On 1 October 1986, Hurricane Paine grazed the mountainous Baja California Peninsula on its way to landfall 300 km northwest of Mazatlan, Mexico, on the following day. The two National Oceanic and Atmospheric Administration (NOAA) WP-3D aircraft flew repeatedly through the western eyewall during 1 October and provided a rare opportunity to observe how the inner circulation of a tropical cyclone (TC) responds to the presence of a 1200-m-elevation ridgeline (Fig. 1). During the experiment, the circulation center came within 100 km of the Baja ridge, and the outer portions of the eyewall impinged on the high terrain shortly after the aircraft retired from the TC.

Fig. 1.

A lower-fuselage radar view of Hurricane Paine as it nears the Baja California Peninsula. Reflectivity values are shaded. The TC track, position time, and intensity estimates are shown. NOAA-42 legs are the dashed lines, and the peninsula coastline and elevation contours (500-m contours) are depicted

Fig. 1.

A lower-fuselage radar view of Hurricane Paine as it nears the Baja California Peninsula. Reflectivity values are shaded. The TC track, position time, and intensity estimates are shown.

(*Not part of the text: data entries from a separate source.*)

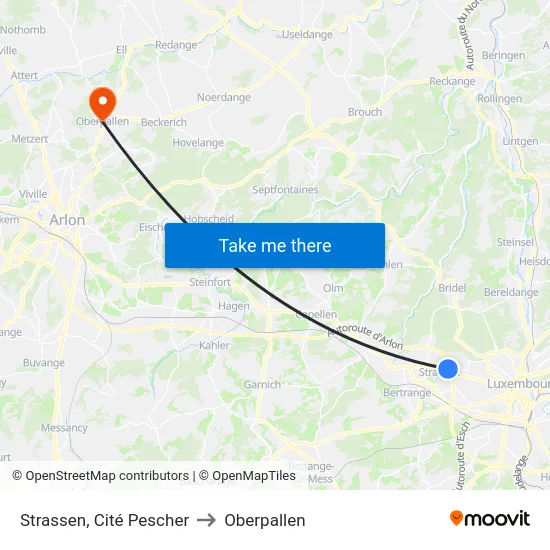Strassen, Cité Pescher to Oberpallen map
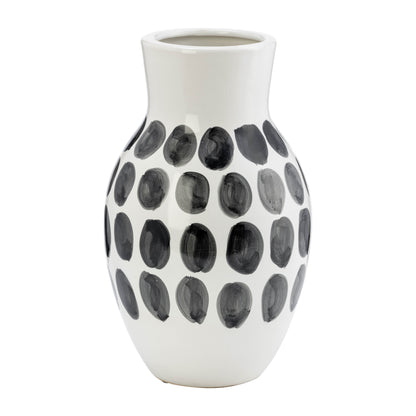 Cer, 10"h Blk Polk-a-dot Flower Vase, White - Decor Addict, LLC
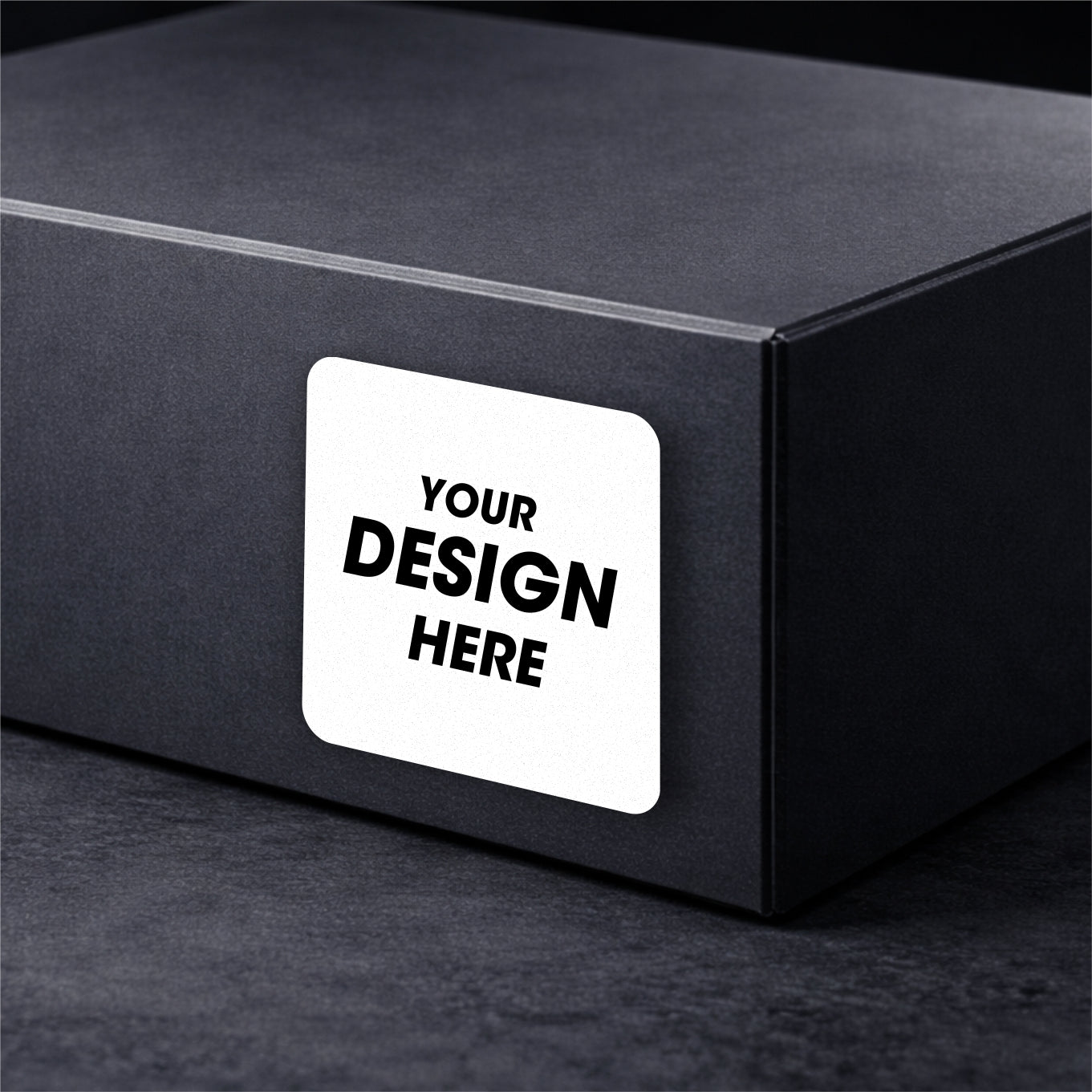 Black box with a white label on a dark background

NOAA-42 legs are the dashed lines, and the peninsula coastline and elevation contours (500-m contours) are depicted

a. Prior work

Alterations in TC track caused by the presence of land have been discussed by Brand and Blelloch (1973, 1974), Chang (1982), Bender et al. (1985, 1987), Yeh and Elsberry (1993), and Lin et al. (1999). Of particular interest is the simulated response of a TC as it approaches a mountainous island (Bender et al. 1987). In a background easterly flow, islands with a north–south ridge (e.g., Luzon, Taiwan) generally produce a course deflection northward and an increase of TC speed of a few meters per second. Bender et al. (1987) emphasize that the deviations triggered by the presence of a mountain range can be equal to the typical forecast errors at 12 and 24 h. Observational results are mixed, with some TCs apparently not responding to the presence of mountains (Brand and Blelloch 1973) and others reacting hundreds of kilometers from the terrain supposedly triggering the response (Yeh and Elsberry 1993).

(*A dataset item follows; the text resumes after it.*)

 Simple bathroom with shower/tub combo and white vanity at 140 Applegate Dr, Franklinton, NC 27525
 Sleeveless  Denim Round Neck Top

Changes in intensity; the kinematic, thermodynamic, and precipitation fields; and the overall symmetry of the TC are believed to occur because of the nearness of land and prior to the circulation center making landfall (Brand and Blelloch 1973, 1974; Tuleya and Kurihara 1978; Bender et al. 1985, 1987; Tuleya 1994; Li et al. 1997). Processes that trigger these alterations in the TC include subsidence from mountain ranges, the sharp and substantial decrease in evaporation over land, changes in the sensible heat flux, increases in surface friction, changes in the stability, and the advection of continental air into the TC circulation (Wu and Kuo 1999). Intensity diminishes chiefly in response to the drier air that subsides and enters the inner circulation of the TC (e.g., Bender et al. 1987). Occasionally an actual TC does react in a similar fashion, though the magnitude of the change is usually less (Brand and Blelloch 1973, 1974). Many of the aforementioned studies involved Taiwan. The Baja ridge near Cabo San Lucas is similar in orientation and latitude to the southern portion of the Central Mountain Range of Taiwan, but its mean height is about 500 m lower. We expect the response of a TC to either barrier to be broadly similar.

b. Goals

We seek to determine if the Baja ridge has any influence on the track, intensity, and other traits of Paine. A number of scenarios are envisioned. The TC may first deflect away and then toward the Baja ridge as it passes to the south of Cabo San Lucas. This deflection would be in response to enhanced environmental flow parallel to the Peninsula from the north-northwest, typical of October (Sadler et al. 1987). If the TC approaches Cabo San Lucas from the southwest, there may be upslope flow along the Gulf of California coast and accompanying deep convection. Subsidence of midlevel dry air on the Pacific Ocean side of the ridge may alter the precipitation field to the left of track, and if this dry air is mixed into the eyewall, it might reduce intensity. Low-level flow impinging on the Baja Peninsula mountains from the east may be deflected and enhance the radial flow to the eyewall, leading to stronger convection and, perhaps, intensification or changes in the radius of the maximum winds (RMW). In general, the rearrangement of where latent heat is released with respect to the circulation center has the potential to alter the organization of the TC.

The advantage of this study over prior work focused on landfall–TC interactions is that the research flights provide superior temporal and spatial resolution of the eyewall region. A disadvantage is that we cannot recognize any mutation induced by the Baja Peninsula that may have occurred prior to aircraft sampling, when Paine was much farther away.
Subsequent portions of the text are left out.